DATA below:
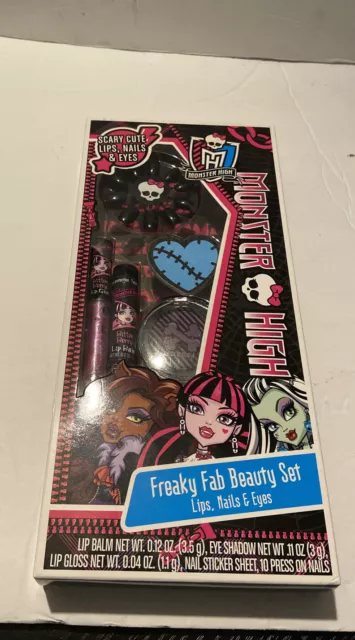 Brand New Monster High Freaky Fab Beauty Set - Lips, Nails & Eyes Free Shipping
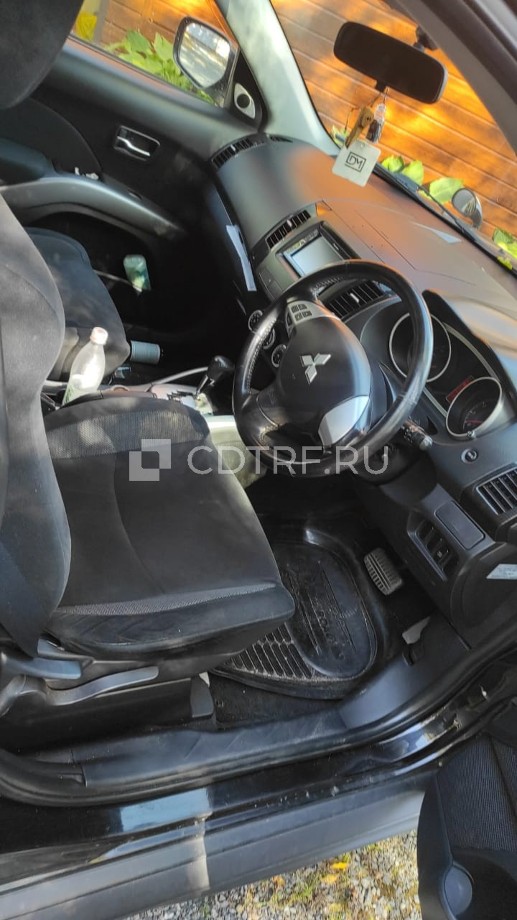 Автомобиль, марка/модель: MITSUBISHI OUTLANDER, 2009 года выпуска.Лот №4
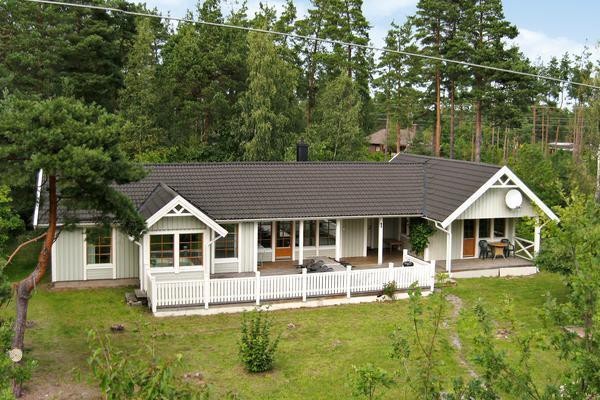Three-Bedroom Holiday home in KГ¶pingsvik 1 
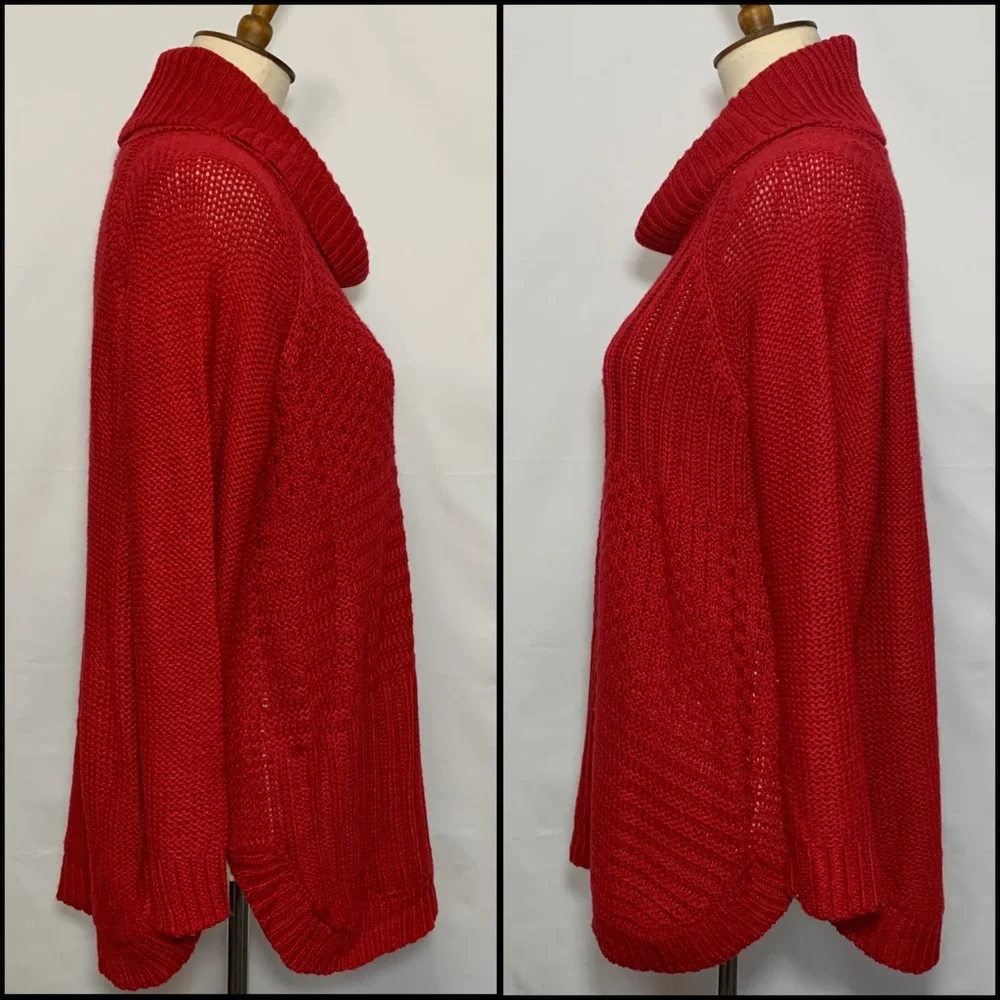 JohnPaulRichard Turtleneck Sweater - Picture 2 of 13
End of DATA.
DIRECTIONS FOR THIS TASK>
Set the lines down exactly as they stand, from the one containing "Three-Bedroom Holiday home in KГ¶pingsvik 1" through the end of the listing, omitting every picture.

SOLVED PROBLEM>
Three-Bedroom Holiday home in KГ¶pingsvik 1 
 JohnPaulRichard Turtleneck Sweater - Picture 2 of 13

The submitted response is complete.